I have been riding then from squares, but i think I am pulling the front end round too much.
thanks


----------



## Cortez (25 November 2014)

Not easily explainable in writing - why don't you get a lesson from a decent instructor who can teach/demonstrate to both you and your horse what to do? If you've never done one before, it is much easier to first show the horse, then the rider.


----------



## romulus (25 November 2014)

Firstly is the horse ready to do walk pirouette?  It requires the horse to take the weight back onto the quarters and engage their core muscles efficiently.  Before even thinking about it the horse needs to move in rhythm and balance, be straight and understand basic lateral work.  I introduce it from quarters in working from straight lines onto a circle gradually decreasing the size of the circle but always maintaining forward motion.  I find that doing it on or from a square can in encourage the movement to become too static and as a resistance the horse may step back which is a difficult fault to overcome leading the horse to come behind the bit.  It will take time and I am sure that there are faster methods but I find that this way limits tension and it is easy to teach canter pirouettes using this method.


----------



## lizziebell (25 November 2014)

romulus said:



			Firstly is the horse ready to do walk pirouette?  It requires the horse to take the weight back onto the quarters and engage their core muscles efficiently.  Before even thinking about it the horse needs to move in rhythm and balance, be straight and understand basic lateral work.  I introduce it from quarters in working from straight lines onto a circle gradually decreasing the size of the circle but always maintaining forward motion.  I find that doing it on or from a square can in encourage the movement to become too static and as a resistance the horse may step back which is a difficult fault to overcome leading the horse to come behind the bit.  It will take time and I am sure that there are faster methods but I find that this way limits tension and it is easy to teach canter pirouettes using this method.
		
Click to expand...

This ^^^^
Remember to keep the walk active with the hind legs.
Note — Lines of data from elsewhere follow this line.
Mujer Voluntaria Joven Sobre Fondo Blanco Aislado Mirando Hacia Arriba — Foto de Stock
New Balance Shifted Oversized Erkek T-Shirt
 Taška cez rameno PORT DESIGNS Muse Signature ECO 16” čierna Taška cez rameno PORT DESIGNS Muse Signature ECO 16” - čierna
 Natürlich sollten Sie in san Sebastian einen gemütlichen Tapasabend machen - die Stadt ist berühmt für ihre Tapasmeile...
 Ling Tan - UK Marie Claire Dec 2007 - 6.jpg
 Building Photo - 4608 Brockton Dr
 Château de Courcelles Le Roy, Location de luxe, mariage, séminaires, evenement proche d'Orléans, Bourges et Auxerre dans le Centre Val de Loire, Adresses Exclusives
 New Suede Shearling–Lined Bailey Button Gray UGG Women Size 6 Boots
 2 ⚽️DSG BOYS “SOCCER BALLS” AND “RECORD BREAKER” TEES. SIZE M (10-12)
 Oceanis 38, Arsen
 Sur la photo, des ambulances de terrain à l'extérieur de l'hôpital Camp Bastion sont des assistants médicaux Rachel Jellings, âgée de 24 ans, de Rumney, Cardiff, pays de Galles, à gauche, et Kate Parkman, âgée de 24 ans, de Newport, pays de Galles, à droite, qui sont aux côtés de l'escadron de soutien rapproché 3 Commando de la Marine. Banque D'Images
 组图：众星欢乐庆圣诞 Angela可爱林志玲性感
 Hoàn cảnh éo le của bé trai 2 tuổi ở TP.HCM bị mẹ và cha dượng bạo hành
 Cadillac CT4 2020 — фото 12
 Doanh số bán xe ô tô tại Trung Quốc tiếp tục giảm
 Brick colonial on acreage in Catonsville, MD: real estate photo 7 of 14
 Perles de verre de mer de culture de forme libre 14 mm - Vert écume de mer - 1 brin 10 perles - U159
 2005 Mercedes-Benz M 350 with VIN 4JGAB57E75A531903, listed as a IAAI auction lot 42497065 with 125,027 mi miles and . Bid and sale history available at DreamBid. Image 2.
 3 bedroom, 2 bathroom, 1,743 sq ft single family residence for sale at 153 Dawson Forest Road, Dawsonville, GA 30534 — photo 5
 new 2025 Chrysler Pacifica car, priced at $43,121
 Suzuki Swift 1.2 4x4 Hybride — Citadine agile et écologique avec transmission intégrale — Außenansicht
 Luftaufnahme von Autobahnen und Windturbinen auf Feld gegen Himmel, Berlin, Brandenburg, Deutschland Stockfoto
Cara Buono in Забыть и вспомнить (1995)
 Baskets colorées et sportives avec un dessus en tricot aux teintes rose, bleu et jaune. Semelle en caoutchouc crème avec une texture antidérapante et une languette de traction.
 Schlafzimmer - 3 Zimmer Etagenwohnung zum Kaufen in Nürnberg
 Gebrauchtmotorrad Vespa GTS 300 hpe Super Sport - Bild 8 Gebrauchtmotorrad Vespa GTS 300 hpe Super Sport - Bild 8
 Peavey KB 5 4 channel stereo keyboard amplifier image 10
This is a great video showing a good walk pirouette -
http://m.youtube.com/watch?v=sGA2WAhDE34


----------



## Simon Battram (25 November 2014)

Sorry but the video link to the walk pirouette is not a good example. The horse is over bent, short in the neck, tense through the jaw and swishing the tail.

Aids for a walk pirouette:
- Inside leg at the girth providing the forward energy
- Inside rein asking for the bend
- Outside leg guiding the hindquarters
- Outside rein guiding the outside shoulder
- Weight on inside seat bone
- Upper body turning to face the horses ears

- The horse should be light to the bridle, soft to the hand with acceptance of the contact. 
- S/he should be reactive to the forward driving aids.
- The rider should be able to flex the horse softly through the throatlash area and relax the jaw.
- The horse should be able to show correct lateral bend (including the flexion) through the whole body.

In other words if you are having an issue with an individual movement then break it down to look at its component parts and then put the jigsaw back together again.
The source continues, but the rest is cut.